How to Solve a Complex Integration Problem with a Unit Circle?

[malawi_glenn]

Homework Statement

evaluate

$$\int_{c} | z - 1 | |dz|$$

where c is the positive oriented unit circle.

Homework Equations

The Attempt at a Solution

$$| z - 1 | = \left[ ( z-1)( \overline{z} - 1 ) \right] ^{1/2} = \left[ |z|^{2} - z - \overline{z} +1 \right] ^{1/2}$$

$$c : z(t) = e^{it} ; 0 \leqslant t \leqslant 2\pi$$

$$|dz| = dt$$

$$|z| = 1$$

$$\int_{c} | z - 1 | |dz| = \int_{0} ^{2 \pi} (2 - e^{it} - e^{-it}) ^{1/2} dt$$

$$\int_{0} ^{2 \pi} \sqrt{2-2 \cos t } dt$$

Is this right so far?
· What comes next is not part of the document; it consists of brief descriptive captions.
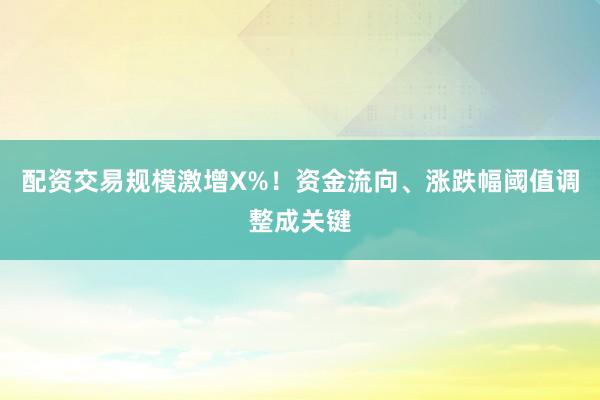 配资交易规模激增X%！资金流向、涨跌幅阈值调整成关键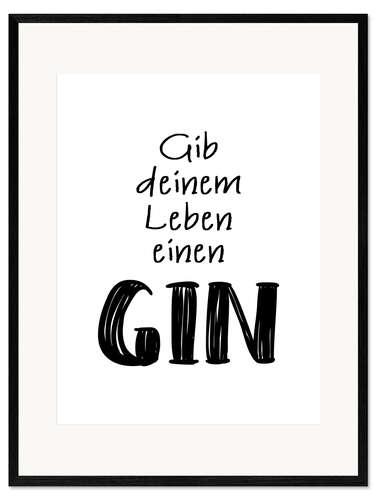 Ingelijste kunstdruk Geef jouw leven gin (Duits)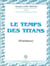 Le temps des titans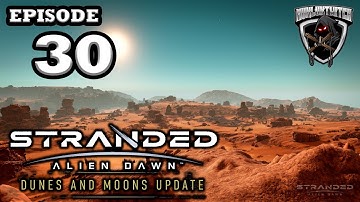 Mukluk Plays Stranded: Alien Dawn - Dunes and Moons Update (Early Access) Part 30 - Finale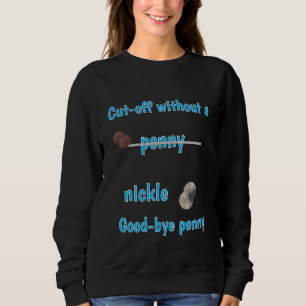 Without a Penny Sweatshirt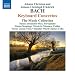 Classical Music : Johann Christian & Johann Christoph Friedrich Bach: Keyboard Concertos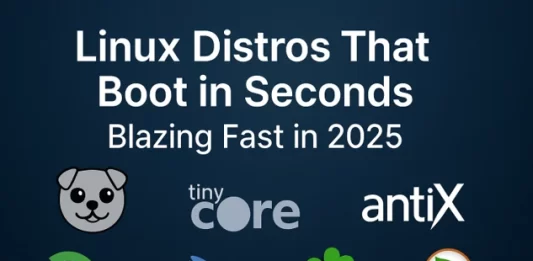 Linux Distros That Boot in Seconds – Blazing Fast in 2025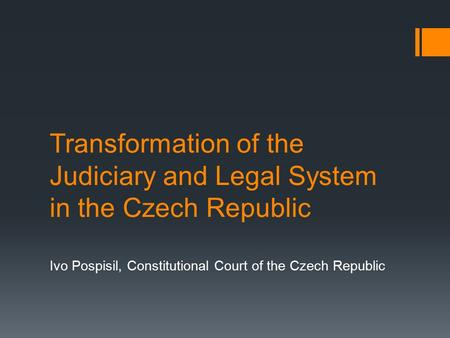 Transformation of the Judiciary and Legal System in the Czech Republic Ivo Pospisil, Constitutional Court of the Czech Republic.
What to do next? :S

 

[D H]

Use some appropriate half-angle formula.

 

[malawi_glenn]

Use some appropriate half-angle formula.

you mean I should express 2cos(t) as something else?

 

[mjsd]

try $$2 \sin^2 (x) = 1 - \cos (2x)$$

 

[malawi_glenn]

try $$2 \sin^2 (x) = 1 - \cos (2x)$$

aha ok, thanks a lot! cheers

 

[D H]

try $$2 \sin^2 (x) = 1 - \cos (2x)$$

Yep. That's the half-angle formula I was talking about.

$$\sin\left(\frac x 2\right) = \sqrt{1-\cos 2x}$$

 

[malawi_glenn]

Yep. That's the half-angle formula I was talking about.

$$\sin\left(\frac x 2\right) = \sqrt{1-\cos 2x}$$

got the right answer now, thanks a lot !